While digital contact tracing’s notional benefits seem to belong squarely in the realm of security theater (i.e., showing the public that Something Is Being Done), its potential for justifying intrusive surveillance remains intact. Two recent news items illustrate this dynamic. A small liberal arts college in Michigan is forcing its students to download a contact-tracing app (and apparently a security vulnerability-riddled one, at that) as a condition for being allowed on campus. Meanwhile, the delegates to the Republican National Convention reportedly are to wear “smart badges” (originally developed for tracking pallets) to record their movements through the convention venue in Charlotte. While higher education has long been a laboratory of choice for surveillance technology experimentation, I would have expected the libertarian wing of the GOP to kick up more of a fuss over this kind of intrusion.
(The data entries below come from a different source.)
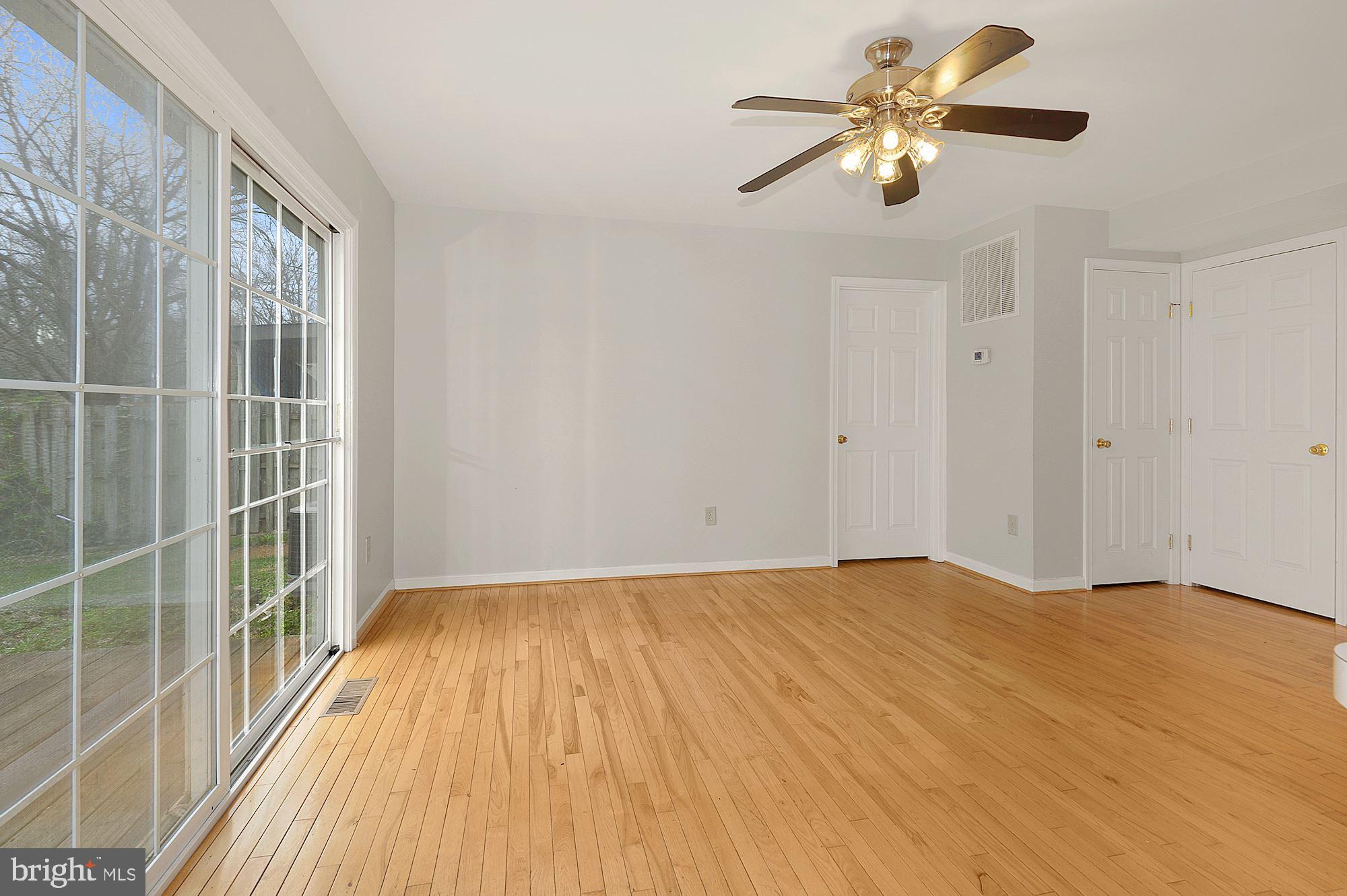 LINCOLN PARK - Residential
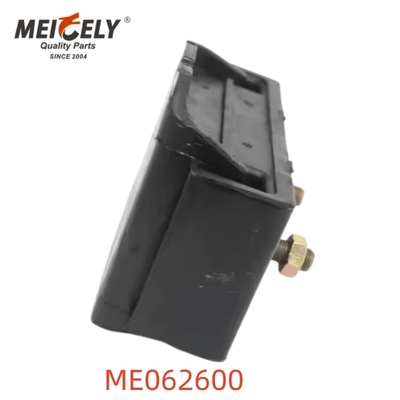 Xe tải hạng nặng ME 062600 ME 05257 Đắp động cơ cao su cho Mitsubishi
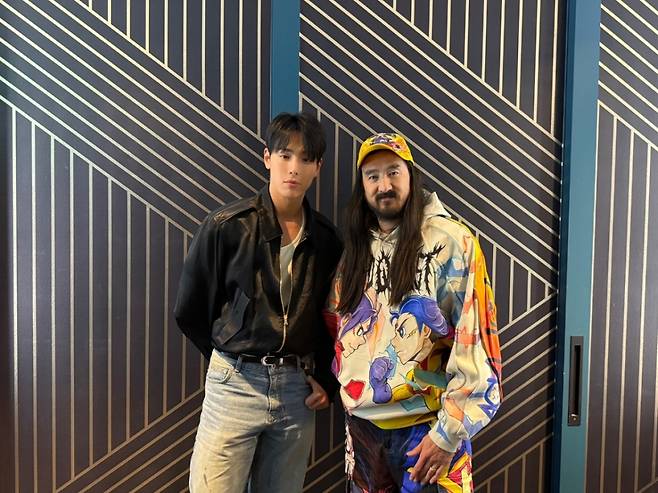 몬스타엑스 셔누, DJ 스티브 아오키와 기습 콜라보..EDC 코리아 깜짝 등장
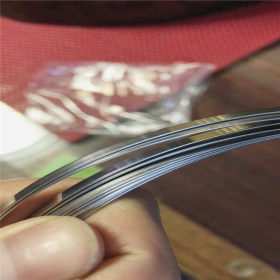 304-201专业现货供应全硬不锈钢带 0.6*2.8 生产塑身流体手环用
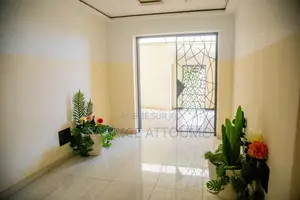 3chbre Appartement-terrasse dans Bingerville à Louer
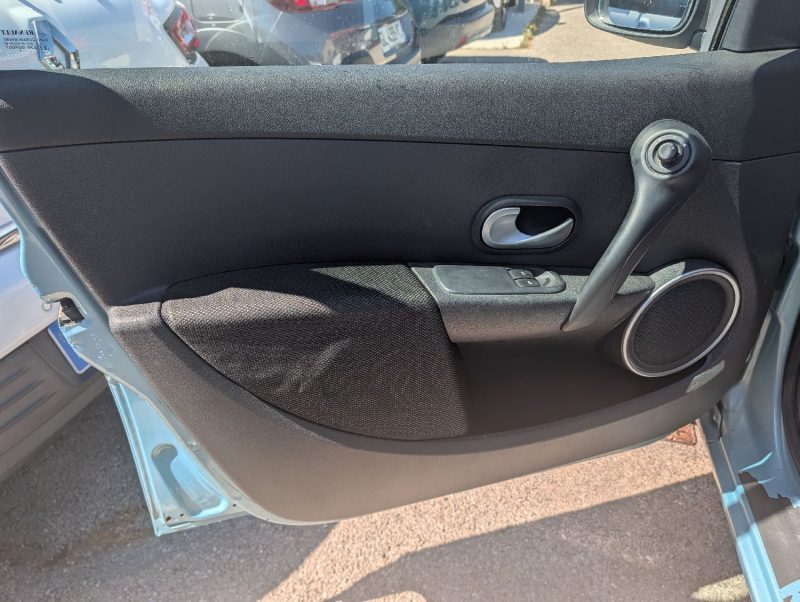RENAULT CLIO III RIP  1.2 16V 75CH RIPE CURL 132.000KMS CERTIFIE EXCELLENT ETAT GARANTIE 12 MOIS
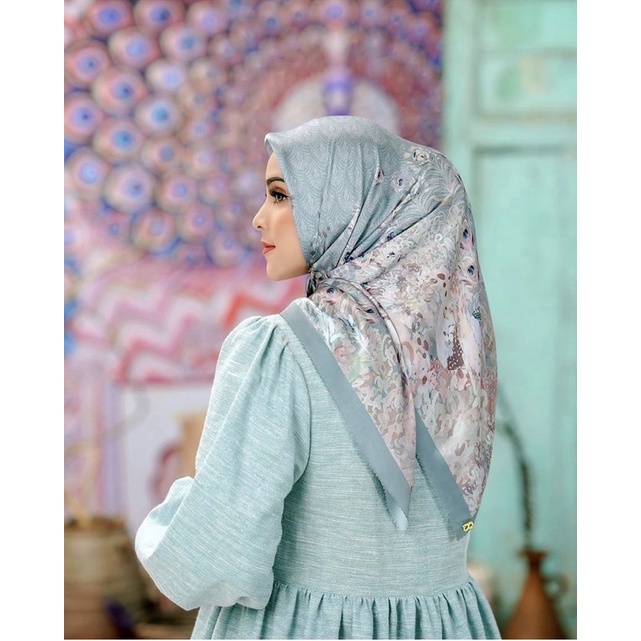 Buttonscarves Ederra Series in Green Mileu - Benang Jarum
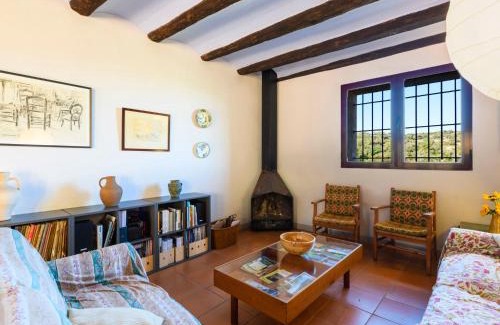 Godall House | Holiday Home Tio Pepe de Maja by Interhome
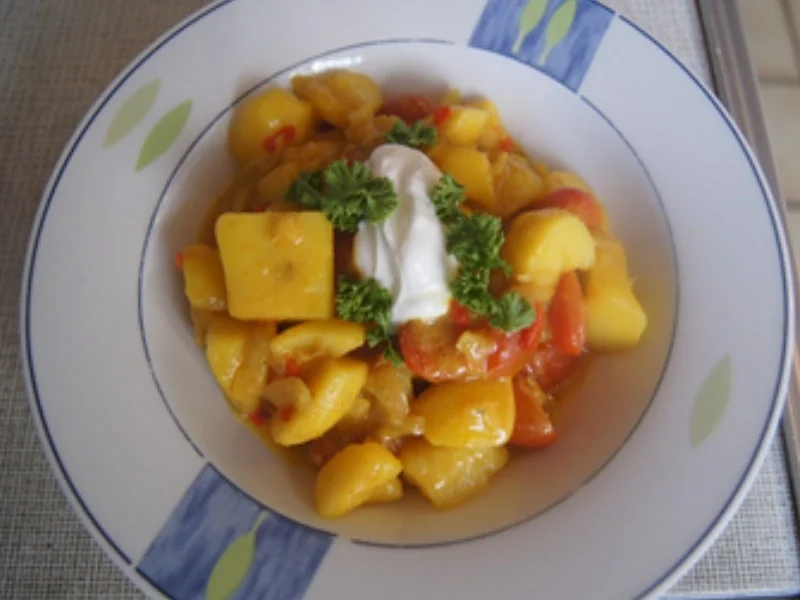 Rezept: Kartoffelcurry mit Mini-Rispentomaten Bild Nr. 17321 Kartoffelcurry mit Mini-Rispentomaten - Rezept - Bild Nr. 17321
A couple of scholarly articles read today on cyberwarfare. The first, a long piece by James Shires in the Texas National Security Review, speaks to a long-term thread of interest for me, namely the (imperfect) mapping of real-world alliances with operations in the cyber domain: the UAE, Qatar, and Saudi Arabia, although strategic partners of the US in the Gulf region, nonetheless targeted Hack-and-leak (HLO) operations at the US.
Shires underscores the patina of authenticity that leaks hold, and does a good job of showing how HLOs connect them with Bruce Schneier’s concept of “organizational doxxing”. In describing these HLOs as “simulations of scandal “, he leverages theoretical understandings of the phenomenon such as that of Jean Baudrillard. Standards of truth emerge as a major object of manipulation, but the key stake is whether the public will focus on the hack or the leak as the essence of the story.
The second article, by Kristen Eichensehr at justsecurity.org, reflects on the technical and legal process of attribution of cyberattacks. It argues in favor of the creation of a norm of customary international law obliging States to provide evidence when they attribute acts of cyberwarfare to a State or non-State actor. How to guarantee the credibility of the evidence and of the entity providing it (whether a centralized international body, a government agency, or a think-tank, academic institution, or private company) remains somewhat vague under her proposal.